(Records from a data collection)
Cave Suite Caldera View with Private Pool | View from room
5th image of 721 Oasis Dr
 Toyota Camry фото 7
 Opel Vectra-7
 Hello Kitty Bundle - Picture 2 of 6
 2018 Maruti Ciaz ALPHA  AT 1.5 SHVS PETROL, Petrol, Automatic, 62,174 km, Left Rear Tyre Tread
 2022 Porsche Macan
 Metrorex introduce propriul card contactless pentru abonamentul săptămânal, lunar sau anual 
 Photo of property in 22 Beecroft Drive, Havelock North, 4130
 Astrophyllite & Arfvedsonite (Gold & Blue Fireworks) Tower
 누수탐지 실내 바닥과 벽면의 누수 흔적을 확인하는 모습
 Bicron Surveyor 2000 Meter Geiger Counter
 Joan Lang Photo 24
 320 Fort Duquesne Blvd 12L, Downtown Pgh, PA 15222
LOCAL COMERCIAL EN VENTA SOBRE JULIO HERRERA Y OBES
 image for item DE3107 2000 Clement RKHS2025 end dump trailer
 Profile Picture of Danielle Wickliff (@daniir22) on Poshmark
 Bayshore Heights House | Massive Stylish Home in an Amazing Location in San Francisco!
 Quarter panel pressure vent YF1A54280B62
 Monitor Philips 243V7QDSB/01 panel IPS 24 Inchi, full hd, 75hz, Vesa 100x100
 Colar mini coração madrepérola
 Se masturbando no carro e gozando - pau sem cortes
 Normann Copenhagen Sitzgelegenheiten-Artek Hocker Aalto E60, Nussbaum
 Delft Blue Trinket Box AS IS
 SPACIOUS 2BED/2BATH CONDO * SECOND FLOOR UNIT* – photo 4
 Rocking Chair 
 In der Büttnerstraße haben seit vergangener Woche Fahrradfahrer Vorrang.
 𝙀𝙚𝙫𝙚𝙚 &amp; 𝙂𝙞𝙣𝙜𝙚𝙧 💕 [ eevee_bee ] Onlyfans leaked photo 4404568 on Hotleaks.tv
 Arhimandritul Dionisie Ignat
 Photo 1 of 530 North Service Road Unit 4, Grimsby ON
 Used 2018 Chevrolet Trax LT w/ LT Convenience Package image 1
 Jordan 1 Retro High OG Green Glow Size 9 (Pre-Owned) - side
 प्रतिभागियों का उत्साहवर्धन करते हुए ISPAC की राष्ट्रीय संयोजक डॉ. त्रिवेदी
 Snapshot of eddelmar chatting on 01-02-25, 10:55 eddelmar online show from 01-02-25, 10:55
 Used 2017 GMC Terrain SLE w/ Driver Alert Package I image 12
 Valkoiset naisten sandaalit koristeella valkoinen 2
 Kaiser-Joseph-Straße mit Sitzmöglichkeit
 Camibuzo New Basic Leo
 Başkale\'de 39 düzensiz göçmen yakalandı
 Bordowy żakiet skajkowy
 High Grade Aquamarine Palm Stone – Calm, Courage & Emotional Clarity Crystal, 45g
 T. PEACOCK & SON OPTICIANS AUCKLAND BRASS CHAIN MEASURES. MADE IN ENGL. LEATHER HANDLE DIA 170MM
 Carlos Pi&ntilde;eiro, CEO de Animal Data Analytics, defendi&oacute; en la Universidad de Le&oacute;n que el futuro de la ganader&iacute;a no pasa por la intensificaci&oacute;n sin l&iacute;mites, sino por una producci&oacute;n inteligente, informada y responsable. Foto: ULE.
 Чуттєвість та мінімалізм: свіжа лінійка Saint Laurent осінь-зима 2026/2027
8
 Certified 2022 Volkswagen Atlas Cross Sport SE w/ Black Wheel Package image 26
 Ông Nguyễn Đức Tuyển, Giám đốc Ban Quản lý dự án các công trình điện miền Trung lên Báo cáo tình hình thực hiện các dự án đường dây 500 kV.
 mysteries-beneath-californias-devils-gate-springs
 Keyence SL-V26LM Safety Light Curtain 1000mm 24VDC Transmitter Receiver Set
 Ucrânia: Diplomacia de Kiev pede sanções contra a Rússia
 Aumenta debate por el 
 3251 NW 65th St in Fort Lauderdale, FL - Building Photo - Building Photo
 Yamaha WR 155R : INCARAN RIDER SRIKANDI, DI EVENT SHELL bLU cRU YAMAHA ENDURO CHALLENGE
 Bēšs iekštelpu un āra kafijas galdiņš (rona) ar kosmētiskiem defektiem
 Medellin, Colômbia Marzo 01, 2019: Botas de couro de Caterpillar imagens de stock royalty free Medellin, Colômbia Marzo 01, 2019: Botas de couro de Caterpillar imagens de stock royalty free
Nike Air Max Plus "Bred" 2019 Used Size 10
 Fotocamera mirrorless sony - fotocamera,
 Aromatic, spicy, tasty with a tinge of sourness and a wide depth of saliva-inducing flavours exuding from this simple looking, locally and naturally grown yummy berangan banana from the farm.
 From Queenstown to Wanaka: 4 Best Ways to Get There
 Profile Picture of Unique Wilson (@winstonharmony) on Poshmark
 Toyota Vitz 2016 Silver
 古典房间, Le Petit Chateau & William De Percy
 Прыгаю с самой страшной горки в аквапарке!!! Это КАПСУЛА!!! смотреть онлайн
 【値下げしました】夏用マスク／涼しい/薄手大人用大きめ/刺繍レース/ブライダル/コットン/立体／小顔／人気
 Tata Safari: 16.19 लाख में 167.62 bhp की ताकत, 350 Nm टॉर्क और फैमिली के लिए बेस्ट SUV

* _Exercise details_: Exact copies of all entries are what's needed here.

* _Exercise answer_:
Cave Suite Caldera View with Private Pool | View from room
5th image of 721 Oasis Dr
 Toyota Camry фото 7
 Opel Vectra-7
 Hello Kitty Bundle - Picture 2 of 6
 2018 Maruti Ciaz ALPHA  AT 1.5 SHVS PETROL, Petrol, Automatic, 62,174 km, Left Rear Tyre Tread
 2022 Porsche Macan
 Metrorex introduce propriul card contactless pentru abonamentul săptămânal, lunar sau anual 
 Photo of property in 22 Beecroft Drive, Havelock North, 4130
 Astrophyllite & Arfvedsonite (Gold & Blue Fireworks) Tower
 누수탐지 실내 바닥과 벽면의 누수 흔적을 확인하는 모습
 Bicron Surveyor 2000 Meter Geiger Counter
 Joan Lang Photo 24
 320 Fort Duquesne Blvd 12L, Downtown Pgh, PA 15222
LOCAL COMERCIAL EN VENTA SOBRE JULIO HERRERA Y OBES
 image for item DE3107 2000 Clement RKHS2025 end dump trailer
 Profile Picture of Danielle Wickliff (@daniir22) on Poshmark
 Bayshore Heights House | Massive Stylish Home in an Amazing Location in San Francisco!
 Quarter panel pressure vent YF1A54280B62
 Monitor Philips 243V7QDSB/01 panel IPS 24 Inchi, full hd, 75hz, Vesa 100x100
 Colar mini coração madrepérola
 Se masturbando no carro e gozando - pau sem cortes
 Normann Copenhagen Sitzgelegenheiten-Artek Hocker Aalto E60, Nussbaum
 Delft Blue Trinket Box AS IS
 SPACIOUS 2BED/2BATH CONDO * SECOND FLOOR UNIT* – photo 4
 Rocking Chair 
 In der Büttnerstraße haben seit vergangener Woche Fahrradfahrer Vorrang.
 𝙀𝙚𝙫𝙚𝙚 &amp; 𝙂𝙞𝙣𝙜𝙚𝙧 💕 [ eevee_bee ] Onlyfans leaked photo 4404568 on Hotleaks.tv
 Arhimandritul Dionisie Ignat
 Photo 1 of 530 North Service Road Unit 4, Grimsby ON
 Used 2018 Chevrolet Trax LT w/ LT Convenience Package image 1
 Jordan 1 Retro High OG Green Glow Size 9 (Pre-Owned) - side
 प्रतिभागियों का उत्साहवर्धन करते हुए ISPAC की राष्ट्रीय संयोजक डॉ. त्रिवेदी
 Snapshot of eddelmar chatting on 01-02-25, 10:55 eddelmar online show from 01-02-25, 10:55
 Used 2017 GMC Terrain SLE w/ Driver Alert Package I image 12
 Valkoiset naisten sandaalit koristeella valkoinen 2
 Kaiser-Joseph-Straße mit Sitzmöglichkeit
 Camibuzo New Basic Leo
 Başkale\'de 39 düzensiz göçmen yakalandı
 Bordowy żakiet skajkowy
 High Grade Aquamarine Palm Stone – Calm, Courage & Emotional Clarity Crystal, 45g
 T. PEACOCK & SON OPTICIANS AUCKLAND BRASS CHAIN MEASURES. MADE IN ENGL. LEATHER HANDLE DIA 170MM
 Carlos Pi&ntilde;eiro, CEO de Animal Data Analytics, defendi&oacute; en la Universidad de Le&oacute;n que el futuro de la ganader&iacute;a no pasa por la intensificaci&oacute;n sin l&iacute;mites, sino por una producci&oacute;n inteligente, informada y responsable. Foto: ULE.
 Чуттєвість та мінімалізм: свіжа лінійка Saint Laurent осінь-зима 2026/2027
8
 Certified 2022 Volkswagen Atlas Cross Sport SE w/ Black Wheel Package image 26
 Ông Nguyễn Đức Tuyển, Giám đốc Ban Quản lý dự án các công trình điện miền Trung lên Báo cáo tình hình thực hiện các dự án đường dây 500 kV.
 mysteries-beneath-californias-devils-gate-springs
 Keyence SL-V26LM Safety Light Curtain 1000mm 24VDC Transmitter Receiver Set
 Ucrânia: Diplomacia de Kiev pede sanções contra a Rússia
 Aumenta debate por el 
 3251 NW 65th St in Fort Lauderdale, FL - Building Photo - Building Photo
 Yamaha WR 155R : INCARAN RIDER SRIKANDI, DI EVENT SHELL bLU cRU YAMAHA ENDURO CHALLENGE
 Bēšs iekštelpu un āra kafijas galdiņš (rona) ar kosmētiskiem defektiem
 Medellin, Colômbia Marzo 01, 2019: Botas de couro de Caterpillar imagens de stock royalty free Medellin, Colômbia Marzo 01, 2019: Botas de couro de Caterpillar imagens de stock royalty free
Nike Air Max Plus "Bred" 2019 Used Size 10
 Fotocamera mirrorless sony - fotocamera,
 Aromatic, spicy, tasty with a tinge of sourness and a wide depth of saliva-inducing flavours exuding from this simple looking, locally and naturally grown yummy berangan banana from the farm.
 From Queenstown to Wanaka: 4 Best Ways to Get There
 Profile Picture of Unique Wilson (@winstonharmony) on Poshmark
 Toyota Vitz 2016 Silver
 古典房间, Le Petit Chateau & William De Percy
 Прыгаю с самой страшной горки в аквапарке!!! Это КАПСУЛА!!! смотреть онлайн
 【値下げしました】夏用マスク／涼しい/薄手大人用大きめ/刺繍レース/ブライダル/コットン/立体／小顔／人気
 Tata Safari: 16.19 लाख में 167.62 bhp की ताकत, 350 Nm टॉर्क और फैमिली के लिए बेस्ट SUV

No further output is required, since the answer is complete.